C. Lee Peeler, President and CEO, Advertising Self-Regulatory Council, and EVP, Council of Better Business Bureaus, testified Tuesday, June 17, before the U.S. Senate Committee on Commerce, Science and Transportation, Subcommittee on Consumer Protection, Product Safety and Insurance at a hearing to address “Protecting Consumers from False and Deceptive Advertising of Weight-Loss Products.”
Mr. Peeler described the self-regulatory system and the work of the Better Business Bureau in addressing false or misleading advertising claims for weight-loss products and highlighted in his presentation the industry trade associations that have embraced the self-regulatory system’s strong standards for truth and accuracy.
Below, an excerpt from his testimony. You can read the full text here.
Advertising Self-Regulation and Weight-loss Claims
Truthful and substantiated advertising for weight-loss products, diets and exercise devices that work can be of substantial assistance to consumers seeking to achieve and maintain a healthy weight.
Misleading, unsubstantiated or exaggerated advertising claims – often for products promising quick, effortless weight loss – have the opposite effect, causing both health and economic injury to consumers.
In addition to harm done to consumers, these types of claims also injure honest competitors who promote effective products and whose ads acknowledge the difficulty consumers may face in losing weight and sustaining weight loss.

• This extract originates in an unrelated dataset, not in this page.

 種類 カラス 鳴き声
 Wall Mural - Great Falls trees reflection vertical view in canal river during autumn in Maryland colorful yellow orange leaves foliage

Misleading advertising both misappropriates sales that would otherwise go to legitimate products and services and undermines the credibility of advertising generally, making it more expensive for honest advertisers to reach their audiences.
Recognizing these twin harms, two industry trade associations – The Electronic Retailing Association (ERA) and the Council for Responsible Nutrition (CRN) – have stepped forward to fund impartial monitoring and oversight of advertising claims, including a substantial number of weight-loss claims.
In 2004, the ERA funded the development of the ERSP program, which provides independent monitoring of all direct-response advertising for a wide range of products, including weight-loss products.
Since its founding, the ERSP program has issued more than 350 decisions, often requiring modification or discontinuance of the challenged advertising. Almost one-third of all ERSP cases have involved weight-loss claims.
In 2006, CRN provided the National Advertising Division with funding for an attorney who would concentrate on monitoring advertising claims for dietary supplements. Since 2006, NAD, through this initiative, has examined advertising claims made for 164 separate supplements, including 30 weight-loss products.
Although the majority of advertisers comply with the recommendations of the self-regulatory system, those who decline to participate in an ERSP or NAD review or refuse to implement recommended changes are referred to the most appropriate federal regulatory agency, most often the FTC.